Evaluating factors associated with uncontrolled hypertension: Isfahan cohort study, Iran

Alireza Khosravi 1, Behrouz Pourheidar 2,, Hamidreza Roohafza 3, Masoumeh Moezzi 4, Mehdi Mousavi 2, Alireza Hajiannejad 2, Peyman Bidram 2, Mojgan Gharipour 5, Shahin Shirani 6, Jafar Golshahi 7, Mansoureh Boshtam 8, Nizal Sarrafzadegan 8
PMCID: PMC4354084  PMID: 25815021

Abstract

BACKGROUND

Hypertension (HTN) considers as one of the most common risk factors, which potentially raises the risk of cardiovascular disease. Regarding high prevalence of HTN among Iranian population this study designed to examine a range of socio-demographic and clinical variables to determine the association with failure to achieve blood pressure control in a cohort of hypertensive subjects.

METHODS

This retrospective cohort study is a part of Isfahan cohort study which carried out on adults aged 35 years old or more. Subjects with confirmed HTN entered in this sub-study. For all subjects questionnaire included socio-demographic characteristics, clinical data and lifestyle behavior completed by trained nurses. Uncontrolled HTN was defined as systolic and diastolic blood pressure more than 140/90 in the presence or absent of pharmacological treatment.

RESULTS

The prevalence of uncontrolled men was significantly higher than controlled in both 2001 and 2007 (P < 0.001). A significant association was found between sex and control of blood pressure: compared with women, being men [odds ratio (OR) = 2.31; 95 % confidence interval (CI) = 1.64-3.24] was significantly associated with uncontrolled HTN in 2001 and (OR = 2.38; 95% CI = 1.78-3.18). Among lifestyle behaviors, tendency for more consumption of salty foods increased the risk of uncontrolled HTN in 2001 by 1.73 times [OR = 1.73, 95% CI = 1.20-2.50, (P = 0.003)]. Patients who were naive to mono-therapy without considering the type of antihypertensive drug were found to be associated with uncontrolled blood pressure (OR = 0.14; 95 % CI =0.1-0.2).

CONCLUSION

Uncontrolled HTN was sex, marital status, diabetes, tendency to salty foods and medication adherence. Assessment of them presence of these risk factors is warranted to recommend an aggressive HTN management with the goal of reducing excessive risk of cardiovascular events caused by uncontrolled HTN.

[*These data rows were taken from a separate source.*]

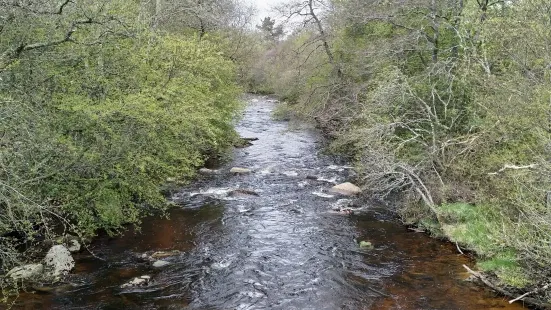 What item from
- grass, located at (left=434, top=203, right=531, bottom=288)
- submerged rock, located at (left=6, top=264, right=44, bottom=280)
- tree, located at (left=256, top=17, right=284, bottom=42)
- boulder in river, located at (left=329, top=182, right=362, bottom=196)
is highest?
tree, located at (left=256, top=17, right=284, bottom=42)

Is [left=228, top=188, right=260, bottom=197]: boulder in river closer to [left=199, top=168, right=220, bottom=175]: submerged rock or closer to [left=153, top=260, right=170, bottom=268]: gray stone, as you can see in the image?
[left=199, top=168, right=220, bottom=175]: submerged rock

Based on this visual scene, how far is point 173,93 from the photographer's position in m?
14.0

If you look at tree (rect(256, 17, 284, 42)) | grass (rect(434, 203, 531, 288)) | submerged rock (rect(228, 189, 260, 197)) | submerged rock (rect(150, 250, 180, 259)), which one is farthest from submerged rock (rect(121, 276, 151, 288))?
tree (rect(256, 17, 284, 42))

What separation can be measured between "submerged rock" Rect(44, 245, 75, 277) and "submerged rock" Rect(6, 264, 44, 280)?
0.24 meters

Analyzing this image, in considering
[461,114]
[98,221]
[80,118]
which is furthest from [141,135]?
[461,114]

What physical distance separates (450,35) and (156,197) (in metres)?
13.8

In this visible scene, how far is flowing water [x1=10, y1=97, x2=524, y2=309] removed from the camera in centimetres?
1068

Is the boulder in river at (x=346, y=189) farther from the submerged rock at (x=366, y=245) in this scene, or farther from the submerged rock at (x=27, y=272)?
the submerged rock at (x=27, y=272)

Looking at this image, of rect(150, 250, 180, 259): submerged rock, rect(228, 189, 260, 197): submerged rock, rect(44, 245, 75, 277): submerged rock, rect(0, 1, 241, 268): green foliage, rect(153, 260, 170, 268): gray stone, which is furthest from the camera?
rect(228, 189, 260, 197): submerged rock

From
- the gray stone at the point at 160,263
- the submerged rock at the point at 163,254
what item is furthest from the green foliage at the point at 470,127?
the gray stone at the point at 160,263

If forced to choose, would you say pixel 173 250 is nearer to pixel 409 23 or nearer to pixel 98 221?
pixel 98 221

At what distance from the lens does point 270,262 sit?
41.9ft

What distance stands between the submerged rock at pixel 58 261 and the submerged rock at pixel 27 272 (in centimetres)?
24

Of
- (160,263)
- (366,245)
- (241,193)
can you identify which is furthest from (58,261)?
(366,245)
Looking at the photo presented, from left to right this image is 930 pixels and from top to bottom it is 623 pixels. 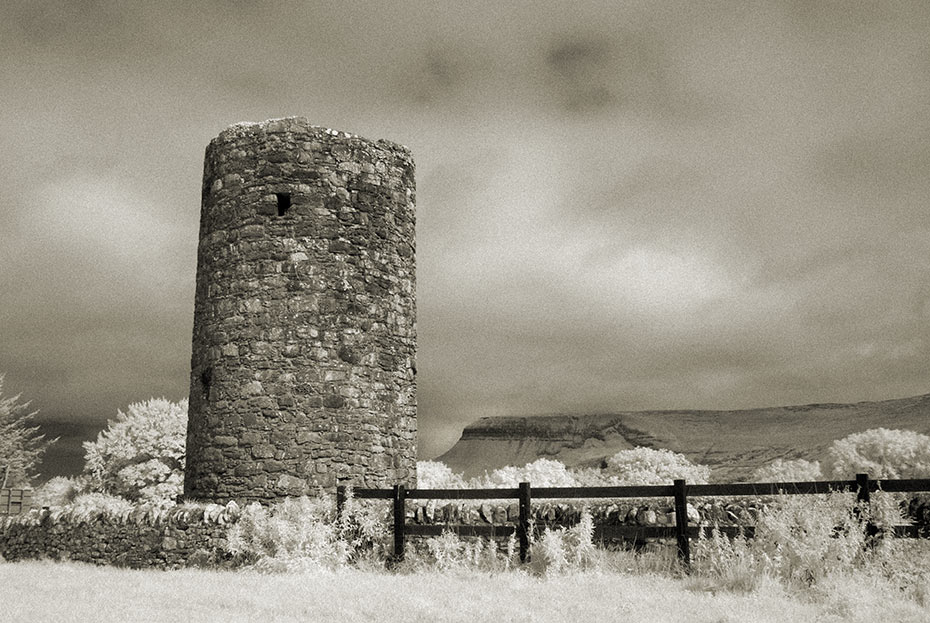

Keywords: Prevalence, Hypertension, Uncontrolled, Risk Factors

Introduction

Hypertension (HTN) considers as one of the most common risk factors, which potentially raises the risk of cardiovascular disease (CVD)1 and consider as a major public health problem in most developed and in developing countries.2 HTN affects around one billion individuals around the world, and the relationship between blood pressure and the risk of cardiovascular events is continuous, consistent, and independent of other risk factors.3 The national surveillance step-wise study which was done by the Iranian Ministry of Health demonstrated a prevalence of 25% for HTN among adults aged 25-64 years.4 Moreover, according to available data, the rate of controlled HTN is widely varied among different countries ranged from 2.2% in Eastern Europe, < 5% in China to more than 38.0% in Western Europe, North America and 18.0% in Iran.5 It follows from all the above mentioned that a growing number of hypertensive patients are faced with undiagnosed HTN and or uncontrolled HTN.6 More importantly, a large part of the patients (17.6% female and 18.0% of male) faced to uncontrolled HTN in Iran.7

Several reports described key variables of uncontrolled HTN, which these barriers varied in different population. 6 poor medication, sedentary lifestyle and unhealthy eating, as well as high salt consumption, have defined as main fences in control of HTN around the world.8,9

Many studies have examined risk factors for HTN, and several comprehensive management guidelines have been published.7,10-12 However, the risk factors for uncontrolled HTN are less well established.7,11,12 Previous studies claimed that individuals diagnosed with HTN whether they have untreated, undertreated or treatment-resistant HTN, have consistent characteristics that could provide insight to improve blood pressure control.12-14

As intensive efforts need to control blood pressure and hence we have to evaluate determinants to achieving higher HTN control rates. The aim of this study was to examine a range of socio-demographic and clinical variables to determine the association with failure to achieve blood pressure control in a cohort of hypertensive subjects.

Materials and Methods

The Isfahan cohort study (ICS), Iran, is a population-based, ongoing longitudinal study of adults aged 35 years old or more, living in urban and rural areas of three counties in central Iran namely Isfahan, Najafabad and Arak.15 Baseline data collection for the ICS began in 2001. Participants were selected by multistage random sampling and were recruited to reflect the age, sex and urban/rural distribution of the community.16,17 The Ethics Committee of the Isfahan Cardiovascular Research Center approved the study. The study sample included 6504 subjects 35 ≥ years of age (average 51.0 ± 11.7 years) that had complete demographic data, diagnoses, vital signs, pharmacy utilization, and personal information. In this sub-study, totally 1986 patients with a diagnosis of HTN were identified in the ICS database. The study cohort was 186 cases with controlled HTN and 1732 with uncontrolled HTN in 2001 (Figure 1). All participants provided their informed consent to participate in the clinical examination and follow-up study.

Figure 1.

Figure 1

Flowchart of study participants HTN: Hypertension

This sub-study sought to identify patient risk factors for uncontrolled blood pressure among Iranian patients with HTN. This study evaluated patients with a diagnosis of HTN over a 3-year period between 2001 and 2007.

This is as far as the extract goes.